Once upon a time, the sun let out a powerful beam of light which shattered the world. The air and the liquid was split, turning into body and breath. Body and breath became fire, trees and animals. In the presence of the lightray, any attempt to reunite simply created more shards, of mushrooms, carnivores, herbivores and humans. The hunter, the pastoralist, the farmer and the bandit. The king, the blacksmith, the merchant, the butcher. Money, lords, bureaucrats, knights, and scholars. As the sun cleaved through the world, history progressed, creating endless forms most beautiful.
It would be perverse to try to understand a king in terms of his molecular configuration, rather than in the contact between the farmer and the bandit. The molecules of the king are highly diminished phenomena, and if they have information about his place in the ecology, that information is widely spread out across all the molecules and easily lost just by missing a small fraction of them. Any thing can only be understood in terms of the greater forms that were shattered from the world, and this includes neural networks too.
But through gradient descent, shards act upon the neural networks by leaving imprints of themselves, and these imprints have no reason to be concentrated in any one spot of the network (whether activation-space or weight-space). So studying weights and activations is pretty doomed. In principle it's more relevant to study how external objects like the dataset influence the network, though this is complicated by the fact that the datasets themselves are a mishmash of all sorts of random trash[1].
Probably the most relevant approach for current LLMs is Janus's, which focuses on how the different styles of "alignment" performed by the companies affect the AIs, qualitatively speaking.
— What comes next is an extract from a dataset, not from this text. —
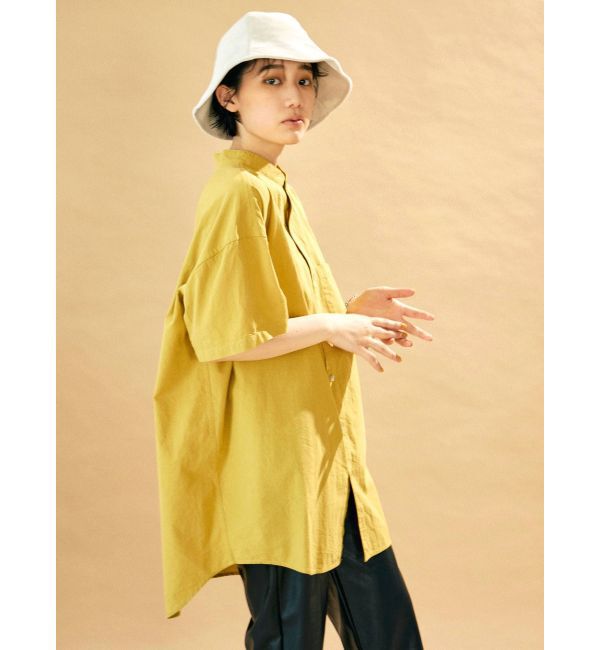 Ungrid「カラーコーデュロイバケットハット」|ハット|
Alternatively, when one has scaffolding that couples important real-world shards to the interchangeable LLMs, one can study how the different LLMs channel the shards in different ways.
Admittedly, it's very plausible that future AIs will use some architectures that bias the representations to be more concentrated in their dimensions, both to improve interpretability and to improve agency. And maybe mechanistic interpretability will work better for such AIs. But we're not there yet.
- ^
Possibly clustering the data points by their network gradients would be a way to put some order into this mess? But two problems: 1) The data points themselves are merely diminished fragments of the bigger picture, so the clustering will not be properly faithful to the shard structure, 2) The gradients are as big as the network's weights, so this clustering would be epically expensive to compute.
In the same way that cells were understood to be indivisible, atomic units of biology hundreds of years ago--before the discovery of sub-cellular structures like organelles, proteins, and DNA--we currently understand features to be fundamental units of neural network representations that we are examining with tools like mechanistic interpretability.
This is not to say that the definition of what constitutes a "feature" is clear at all--in fact, its lack of consensus reflects the extremely immature (but exciting!) state of interpretability research today. I am not claiming that this is a pure bijection; in fact, one of the pivotal ways in which mechanistic interpretability and biology diverge is the fact that defining and understanding feature emergence will most definitely come outside of simple model decomposition into weight + activation spaces (for example, understanding dataset-dependent computation flow as you mentioned above). In contrast, most of biology's advancement has come from decomposing cellular complexity into smaller and smaller pieces.
I suspect this will not be the final story for interpretability, but it is mechanistic interpretability is an interesting first chapter.